::: DATASET CONTENT
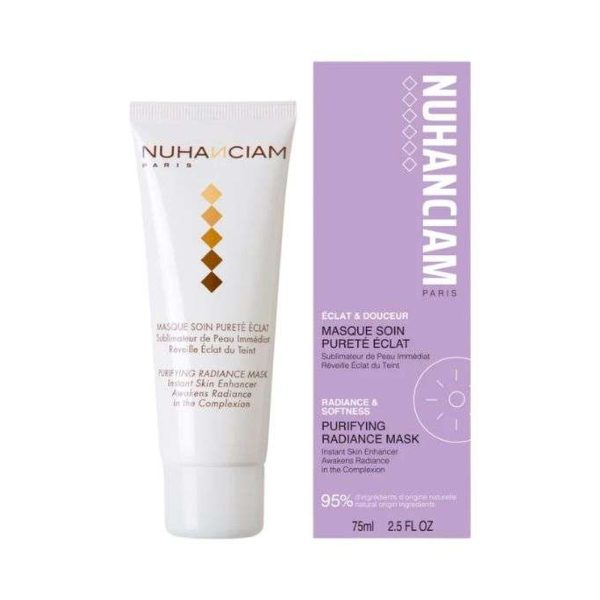 Nuhanciam Masque Soin Pureté Éclat – 75 ml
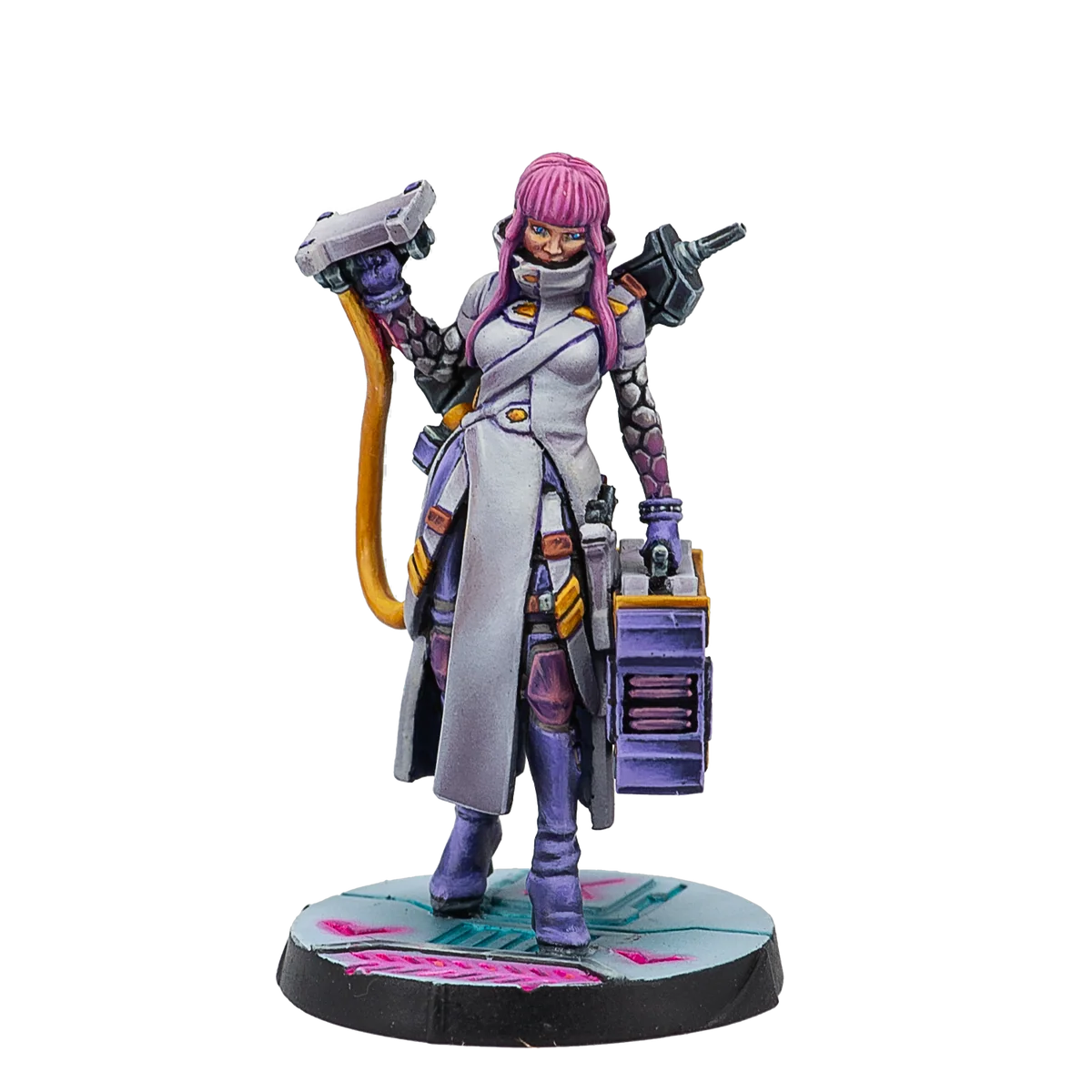 Essentials: Aleph Support Pack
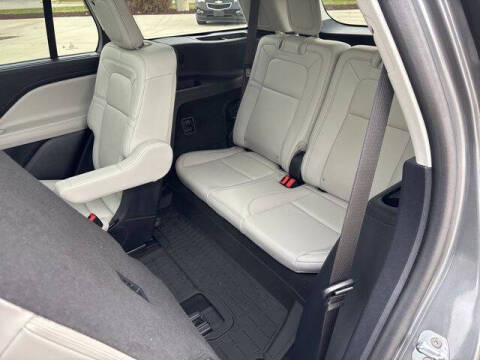 2025 Lincoln Aviator Reserve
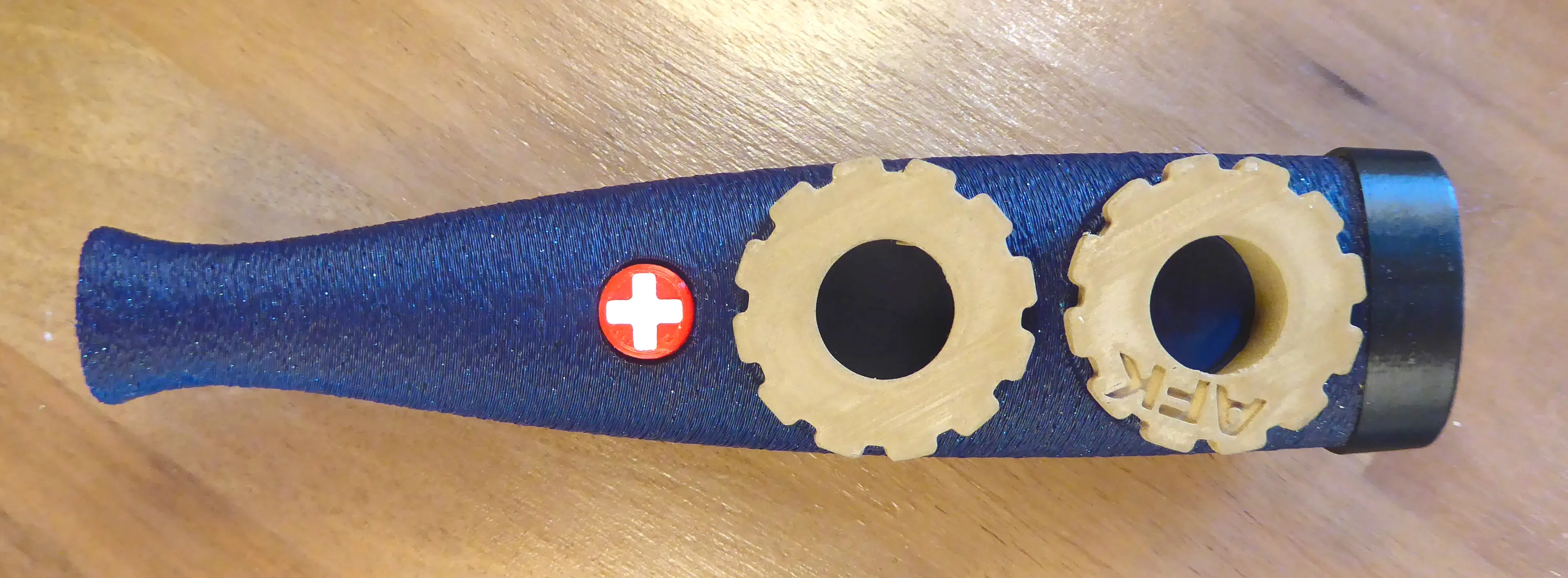 AFK Twin Pro, Bleu Minuit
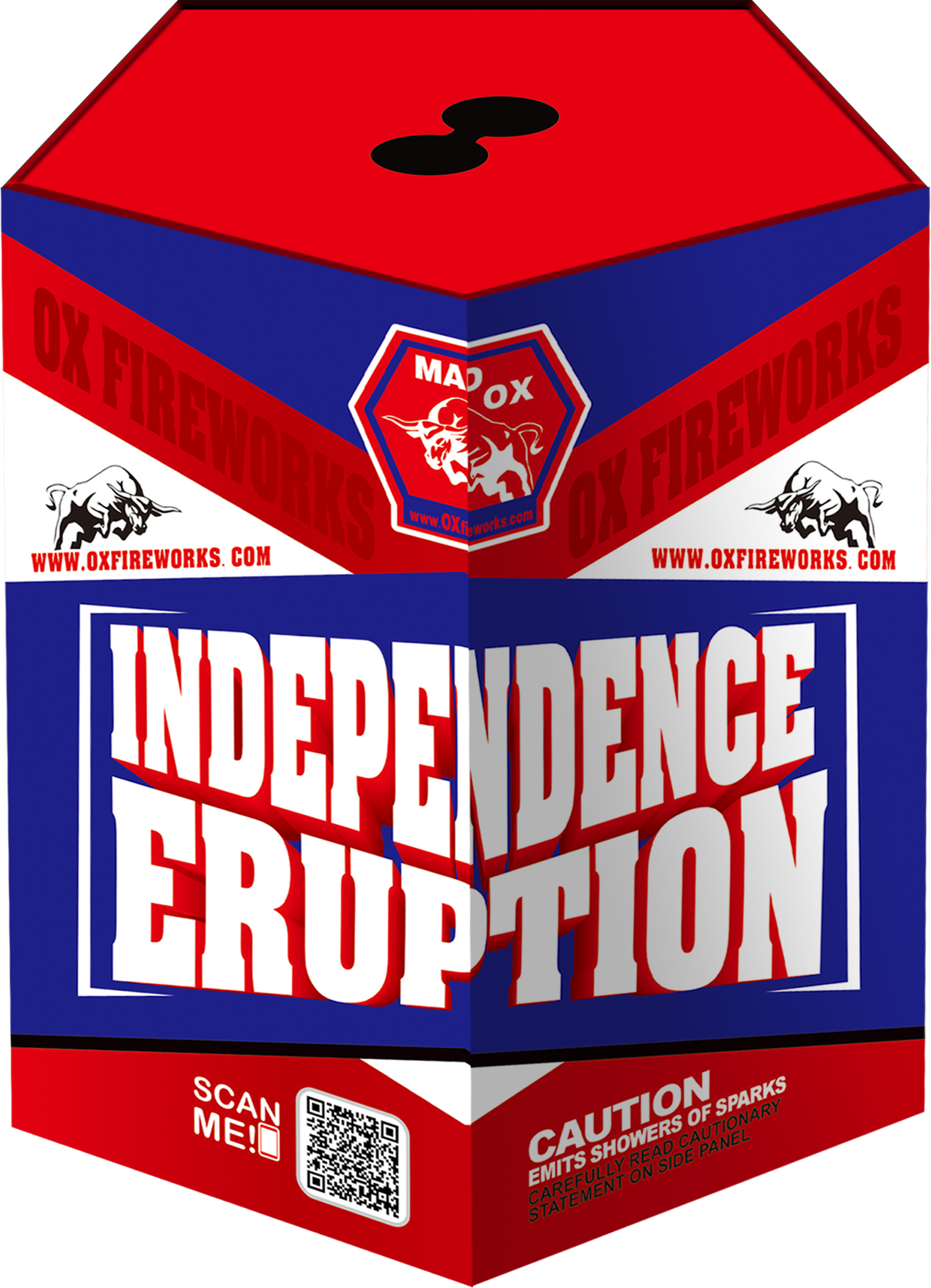 Independence Eruption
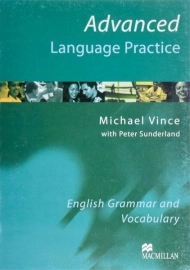 کتاب Advanced language practice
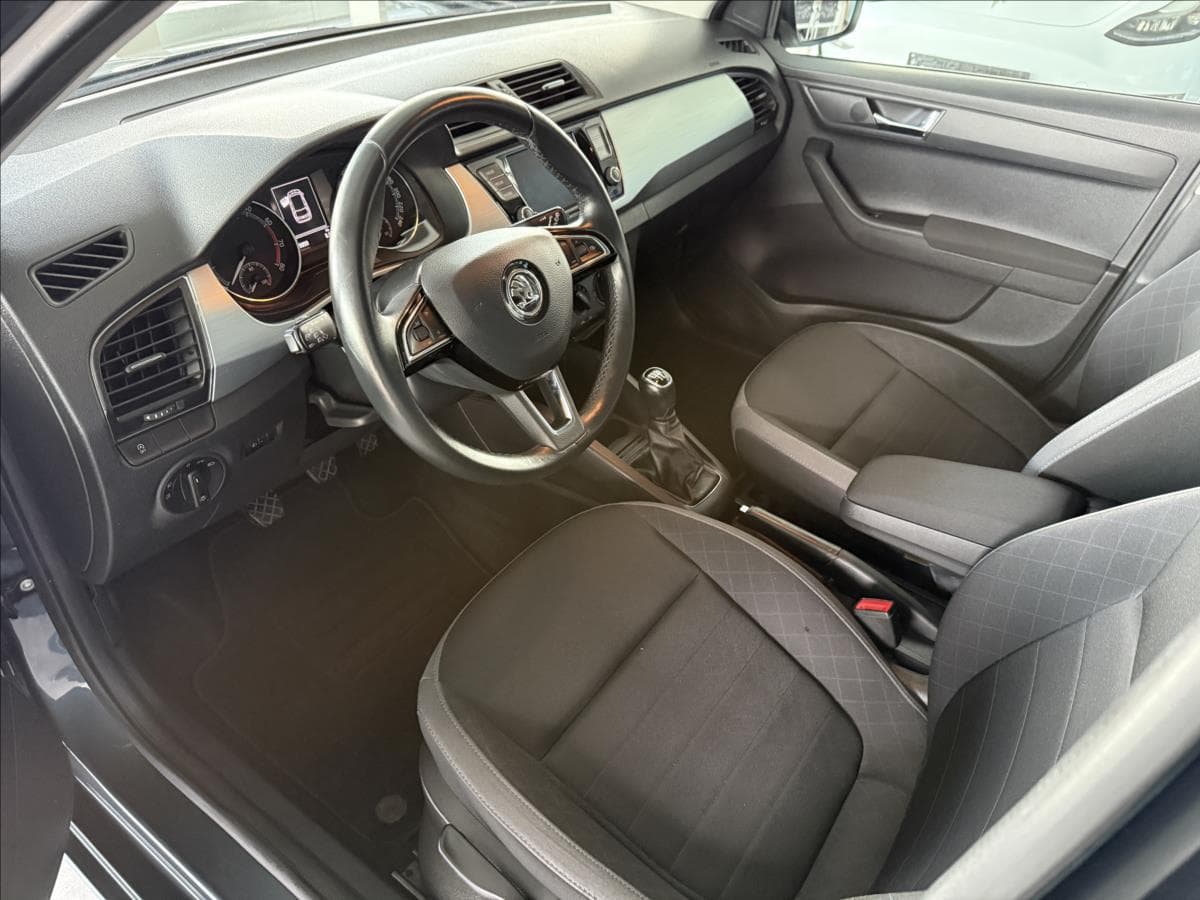2019 Škoda FABIA - 7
::::::
EXERCISE OBJECTIVE:
With the pictures removed, copy the data above word for word.

COMPLETED EXERCISE:
 Nuhanciam Masque Soin Pureté Éclat – 75 ml
 Essentials: Aleph Support Pack
 2025 Lincoln Aviator Reserve
 AFK Twin Pro, Bleu Minuit
 Independence Eruption
 کتاب Advanced language practice
2019 Škoda FABIA - 7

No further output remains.